During the past days we’ve been hearing about different models that foster talent, from the start at the very broad base of the pyramid in the first year of the university until the top in full professorship, a specialised research centre or spin-off. The model I want to present today is the model that students experience as the best way to balance the ache for excellence the academic society has, with the needs of the student body, even in mass higher education.
Fostering excellence has to start at the very beginning of the academic career of the student. It’s not always visible at first sight if a student will perform outstandingly, and it’s not always in the first years that a student finds his or her true interest and stands out above the others. As I already said at your last gathering in Palermo, an excellent university is the one that creates or boosts excellence, even when it is hidden. For this to happen there are two prerequisites: a large fishpond, and talented fishermen. Providing equal access, without any discrimination, financial or legal obstacles is crucial to allow all talented young individuals to enrol in higher education and seek their way towards excellence. Secondly, you need the fishermen, the teachers, to discover, support, encourage and educate that talent, and as I will say later, this can only happen when they are talented themselves and have time for this.
Next to the very basic prerequisites there are of course more factors in play for the fishermen to catch the big fish: the fish needs to grow, and it needs to be hungry to bite.
The demand for student-centred learning is very legitimate, and even in times of mass higher education, the European Students’ Union believes student-centred learning is paramount for students to fully develop their potential, for universities to skill the future workforce, and to create the best researchers. As was said yesterday by Giuseppe Silvestri during one of the breakout sessions, entry to research starts with creating critical thinkers.
Although we are educating masses, student-centred learning is the way to make our fishes grow bigger, to make our students knowledgeable and excellent. It’s about a mindset and a culture within our institutions that students are active participants in their own learning, guided to excel beyond their own expectations but allowed to do that on their own in cooperation with their colleagues.
The model ESU is proposing in its toolkit for student-centred learning is based on constructivist theories of learning. The teacher knows the expectations of the students, and the students are more autonomous in creating their own curriculum and progress. Even with a very bad student/staff ratio it is possible to organise this, and actually the exercise should produce a more efficient work environment with less time-taking lectures, less examinations and more self-and-peer assessment. It has been said before in this conference: the new way of learning is problem-based, going out in the field to collect data, digest this and transform it into academic knowledge. As I read in an article in the Huffington Post yesterday, students answer the questions themselves today. They don’t need someone to preach a truth; they need guidance on what tools to use and how to use these in search of the answers to their questions.
A lot of support is still needed at the entry-level of course, but there are examples of universities that have even abolished examination, and leave the students themselves to work on projects and assess each other’s performance. All of it is obviously mentored by a teacher, but as such the student learns to be independent and entrepreneurial. The student also learns how to debate with colleagues, how to develop ideas and gains those valuable transferable skills that are needed in the job market and in research as well. It makes us students think outside of the box and perform in the interdisciplinary environment around us.

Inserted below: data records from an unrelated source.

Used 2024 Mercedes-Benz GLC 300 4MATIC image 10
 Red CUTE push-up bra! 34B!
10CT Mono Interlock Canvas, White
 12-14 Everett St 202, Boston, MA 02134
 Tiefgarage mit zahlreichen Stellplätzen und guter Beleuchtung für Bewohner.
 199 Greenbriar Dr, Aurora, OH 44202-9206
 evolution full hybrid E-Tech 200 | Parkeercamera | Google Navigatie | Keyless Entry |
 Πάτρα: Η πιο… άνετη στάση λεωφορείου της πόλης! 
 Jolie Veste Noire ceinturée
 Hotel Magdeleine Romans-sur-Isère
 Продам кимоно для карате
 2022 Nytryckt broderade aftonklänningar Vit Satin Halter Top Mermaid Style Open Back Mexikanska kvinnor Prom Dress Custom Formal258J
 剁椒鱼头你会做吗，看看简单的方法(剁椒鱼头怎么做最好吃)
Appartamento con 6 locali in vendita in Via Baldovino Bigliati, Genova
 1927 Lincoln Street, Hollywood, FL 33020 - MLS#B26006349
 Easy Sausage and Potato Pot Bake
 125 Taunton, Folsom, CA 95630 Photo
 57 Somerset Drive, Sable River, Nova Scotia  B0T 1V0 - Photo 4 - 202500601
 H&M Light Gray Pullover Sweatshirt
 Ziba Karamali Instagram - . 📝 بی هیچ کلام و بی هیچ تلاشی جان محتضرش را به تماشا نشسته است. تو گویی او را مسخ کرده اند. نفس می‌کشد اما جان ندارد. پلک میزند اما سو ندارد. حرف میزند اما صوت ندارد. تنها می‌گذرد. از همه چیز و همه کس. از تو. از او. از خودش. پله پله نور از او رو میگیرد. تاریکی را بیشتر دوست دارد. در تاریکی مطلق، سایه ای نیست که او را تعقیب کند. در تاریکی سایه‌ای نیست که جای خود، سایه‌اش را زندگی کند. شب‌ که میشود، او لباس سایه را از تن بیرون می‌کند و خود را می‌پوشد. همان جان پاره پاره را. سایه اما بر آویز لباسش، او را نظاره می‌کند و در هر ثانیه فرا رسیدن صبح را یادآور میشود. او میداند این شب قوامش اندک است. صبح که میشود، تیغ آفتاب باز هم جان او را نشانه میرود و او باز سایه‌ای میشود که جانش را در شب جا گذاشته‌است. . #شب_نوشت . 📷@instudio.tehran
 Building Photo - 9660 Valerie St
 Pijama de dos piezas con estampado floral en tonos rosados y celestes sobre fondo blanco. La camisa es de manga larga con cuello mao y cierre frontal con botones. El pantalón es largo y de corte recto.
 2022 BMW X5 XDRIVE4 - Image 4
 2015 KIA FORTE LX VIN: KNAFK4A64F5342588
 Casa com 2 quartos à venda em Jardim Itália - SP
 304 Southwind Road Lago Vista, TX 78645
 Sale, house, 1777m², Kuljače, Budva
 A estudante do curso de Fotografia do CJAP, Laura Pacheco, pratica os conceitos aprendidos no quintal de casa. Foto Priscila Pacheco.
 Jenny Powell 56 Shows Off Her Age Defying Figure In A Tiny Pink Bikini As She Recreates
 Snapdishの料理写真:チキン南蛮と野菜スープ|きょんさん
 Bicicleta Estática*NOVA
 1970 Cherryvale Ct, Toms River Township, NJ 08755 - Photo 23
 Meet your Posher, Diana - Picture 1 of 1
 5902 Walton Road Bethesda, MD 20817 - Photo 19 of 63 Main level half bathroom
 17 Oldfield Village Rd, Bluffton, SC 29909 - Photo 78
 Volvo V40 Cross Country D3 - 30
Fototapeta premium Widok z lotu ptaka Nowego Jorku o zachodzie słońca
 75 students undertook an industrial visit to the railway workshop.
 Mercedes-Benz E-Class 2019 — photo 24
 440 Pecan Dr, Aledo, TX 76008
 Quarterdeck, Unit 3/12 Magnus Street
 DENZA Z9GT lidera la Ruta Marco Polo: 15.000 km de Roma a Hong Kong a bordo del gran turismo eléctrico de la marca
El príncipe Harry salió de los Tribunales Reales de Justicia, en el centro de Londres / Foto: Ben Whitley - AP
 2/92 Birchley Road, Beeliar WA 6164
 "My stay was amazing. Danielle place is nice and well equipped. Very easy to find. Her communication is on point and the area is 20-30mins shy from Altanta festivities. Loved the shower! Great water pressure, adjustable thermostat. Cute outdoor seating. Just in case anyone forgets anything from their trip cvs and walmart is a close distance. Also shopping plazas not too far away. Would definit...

Because now we get to the point of the day: a good researcher needs to know more than the colour of his desk, and a well-skilled worker these days needs to know how to conduct research and use the tools at hand. So I really need to question the title of this panel as such in the sense that the demands of research intensiveness and student-centred learning are not at all competing. We need the best researchers to teach students to conduct research and find their own answers. We need problem-based learning to create the best researchers, but also the best workforce and fully developed individuals. And we need student-centred learning to provide a supportive environment to students to find their own methods of handling information and to catalyze creation of excellence. Student-centred learning makes it necessary for students to undertake research; it makes them eager to learn, it feeds the fish and at the same time makes them hungrier to bite.
Talking about supportive environment, a remaining question is evidently how to get the most talented researchers to teach and foster talent from the first years when their first and foremost task and maybe desire is to be a researcher.
For this to happen, the European Students’ Union thinks it is absolutely necessary that research, although still very important, be put on a different stand than the one it is on today. I still hold that rankings are a malicious and simplistic way of measuring quality, but it would already be a slight improvement if they would also value the teaching mission, teaching innovation and student satisfaction in the institution, rather than being mainly based on research output. Times Higher Education has tried so with some reputational questions about teaching, teacher-student rations, numbers of PhDs awarded per staff member, and several others. As Altbach says, the problem is that these criteria still do not actually measure teaching and not even come close to assessing the quality of impact. I hence reiterate with this that rankings are no tool to assess or inform students about quality of education.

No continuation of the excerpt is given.